With the exposure to cloud based technologies, busi­nesses are uniquely positioned to be more informed than ever before; they want to make better data-driven deci­sions and in turn expect that the latest analytic tech­nologies be available at their fingertips. The super con­nected network of people, processes, data and tools is disrupting both the implementation and consumption of traditional data management and its analytics. IT now needs tore-position itself towards a more efficient, cost-effective, self-service model to meet these demands.

Data Lakeis a relatively a new and increasingly popu­lar way to store and analyze data that addresses many of these challenges. A Data Lake is a pool of unstruc­tured and structured data coming from different sourc­es, stored as-is, without a specific purpose in mind, that can be “built on multiple technologies such as Hadoop, NoSQL, any Simple Storage Service, a relational data­base, or various combinations thereof,” saved on usually low commodity hardware.

With the growing popularity of Hadoop as the Big Data analytics platform, this solution helps speed time to insights into data from multiple dimensions and re­duces the risks and costs associated with deploying new systems or extending existing ones as business needs change. One of the basic ten­ets of Hadoop and distributed computing is the notion of moving the compute to the data, rather than the re­verse. The Hadoop –based datalake is gaining in popu­larity because it can capture the volume of big data and other new sources that enterprises want to leverage via analytics, and it does so at a low cost and with good interoperability with other platforms in the dataware­housing world. In this sense, Hadoop and datalakes add value to the Data Warehouse and its environment with­out ripping and replacing mature investments.

The data lake and the enterprise data warehouse must both do what they do best and work together as com­ponents of a logical data warehouse. The logical data warehouse, made up of an enterprise data warehouse, a datalake, and a discovery platform to facilitate analyt­ics across the architecture, will determine what data and what analytics to use to answer business needs. Data­Lake also comes with features like SQOOP where load­ing data from Relational Data bases onto HIVE is easy and faster. Data modeling skill is not required and data can be queried leveraging its query features without the knowledge of SQL.

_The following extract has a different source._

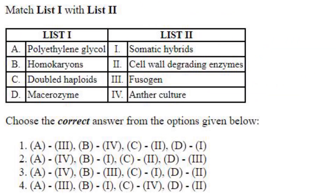Match the following: Polyethylene glycol is a fusogen — A3. Homocaryons are somatic hybrids — B1. Double haploids are produced from anther culture — C4. Macerozyme is a cell wall degrading enzyme used in protoplast isolation — D2. So A3, B1, C4, and D2 is the answer. Answer is option 4.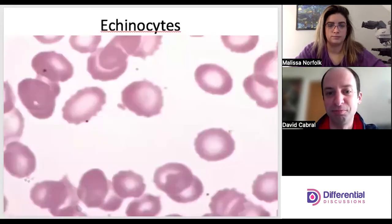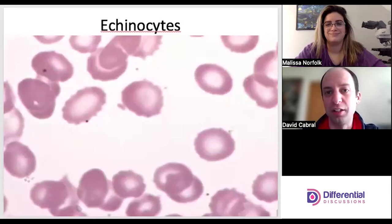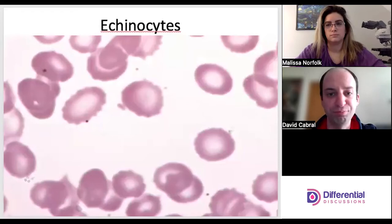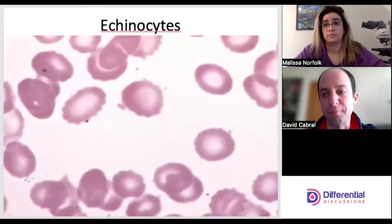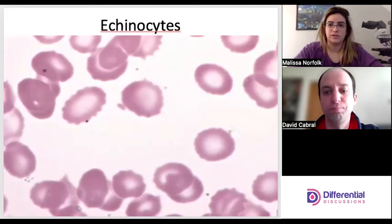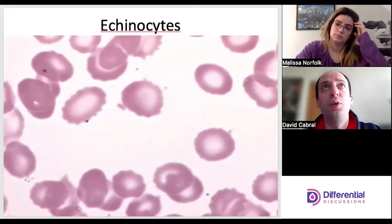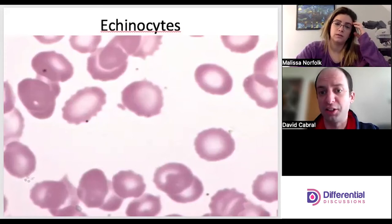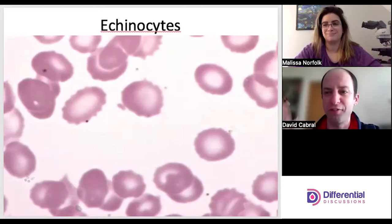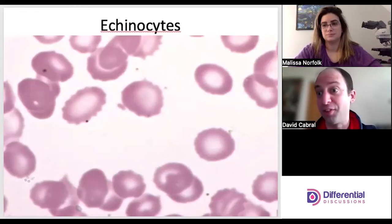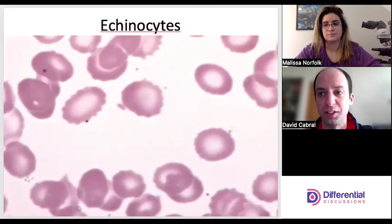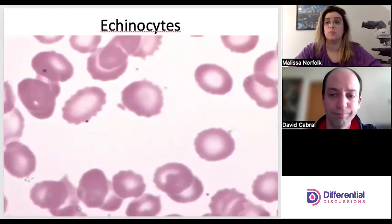Echinocytes — I referenced these relative to acanthocytes. Echinocytes have short, even projections across the periphery of the cell, relatively even all the way around, unlike acanthocytes which have uneven projections of varying length and width. Echinocytes can also be artifact on a slide — you might see a bunch in one field and none in another, which is exactly why looking at five to ten fields matters. Echinocytes are sometimes called burr cells.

The ability to capture and process this ever growing business data is now possible because of the growth of inexpensive storage and limitless compute, along with the invention of new technologies that enable real-time analysis and a direct connection to action through new applications and products. EMC Isilon is one such example; it has multi-protocol scale-out file storage for DataLake kind of applications.

The new datalake 2.0 strategy expands the datalake to extend from the datacenter to the enterprise edge locations and to your choice of pub­lic or private cloud options. With Isilon CloudPools software, the da­talake can be extended to provide virtually limitless capacity without adding any complexity to store or manage the data.

The Hadoop datalake isn't with­out its challenges. Even experienced Hadoop datalake users say that a successful implementation requires a strong architecture, security gates and disciplined data governance policies- without those things, they warn, datalake systems can be come out-of-control dumping grounds of exploding data.

In conclusion, in the era of Data-Driven Innovation the emer­gence of the data lake comes from the need to manage and exploit new forms of data. Many companies feel like they are on the cutting edge of BigData analytics in the enterprise by leveraging this. More important­ly, it helps with the foundation and tools to use data and analytics to create sustainable, long-term com­petitive differentiation.

The shape of your datalake is determined by what you need to do but cannot with your current data processing architecture. The right datalake can only be created through experimentation. Togeth­er, the data lake and the enterprise data warehouse provide a synergy of capabilities that delivers acceler­ating returns, allowing people to do more with data faster and driv­ing business results. It is a game-changer not because it saves IT a whole bunch of money, but be­cause it can help the business make huge money.